The first thing to do in this problem is recognize a trig identity. Notably, $\sec \left(x\right) = \frac{1}{\cos} \left(x\right)$. That means we can rewrite what you have as $\frac{1}{\cos} \left(\frac{- 7 \pi}{4} - 2 x\right)$.

To find the value of a vertical asymptote, you must set the denominator equal to zero and solve. So the set up in this case is: $\cos \left(\frac{- 7 \pi}{4} - 2 x\right) = 0$. What follows from here on out is algebra and trig operations.

We begin by performing the $\arccos \left(x\right)$ operation on both sides: $\arccos \left(\cos \left(\frac{- 7 \pi}{4} - 2 x\right)\right) = \arccos \left(0\right)$. This eliminates the $\cos$ from the left side and for the right side we must call upon our memory of the unit circle. We can think of the right side as asking the question "at what angle on the unit circle does $\cos \left(x\right) = 0$?"

The answer to that question gives us $\frac{\pi}{2}$. However, we know that if we add $\pi$ to that value, we arrive at another place on the unit circle where $\cos \left(x\right) = 0$, so to symbolize that, we add $\pi k$ where $k = \ldots - 2 , - 1 , 0 , 1 , 2. . .$, that is, any whole number integer. So the equation looks like $\frac{- 7 \pi}{4} - 2 x = \frac{\pi}{2} + \left(\pi k\right)$.

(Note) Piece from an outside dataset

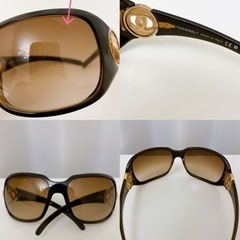 1度のみ使用　CHANEL シャネルサングラスの画像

To finish, we add $\frac{7 \pi}{4}$ to both sides and after, divide both sides by $- 2$. This results in $x = \frac{- \pi}{4} - \frac{7 \pi}{8} - \frac{\pi k}{2}$ where $k = \ldots - 2 , - 2 , 0 , 2 , 1. . .$. If we want to simplify, we get $x = \frac{- 9 \pi}{8} - \frac{\pi k}{2}$ where $k = \ldots - 2 , - 1 , 0 , 1 , 2. . .$